What is required ▸ Only the lines from the line holding "Gian hàng tại VIETLAO EXPO 2025. Ảnh: BTC" through the final line of the entries below are to be returned, exactly as they stand.

Record extracts ▸
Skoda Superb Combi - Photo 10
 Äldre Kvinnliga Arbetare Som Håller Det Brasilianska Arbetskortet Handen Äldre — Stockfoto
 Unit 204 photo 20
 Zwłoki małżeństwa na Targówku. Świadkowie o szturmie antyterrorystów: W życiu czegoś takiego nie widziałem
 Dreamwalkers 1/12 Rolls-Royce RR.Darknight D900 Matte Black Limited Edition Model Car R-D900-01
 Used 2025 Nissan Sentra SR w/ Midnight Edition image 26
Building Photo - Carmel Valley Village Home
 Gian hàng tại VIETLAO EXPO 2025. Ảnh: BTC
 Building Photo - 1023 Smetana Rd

Response ▸
 Gian hàng tại VIETLAO EXPO 2025. Ảnh: BTC
 Building Photo - 1023 Smetana Rd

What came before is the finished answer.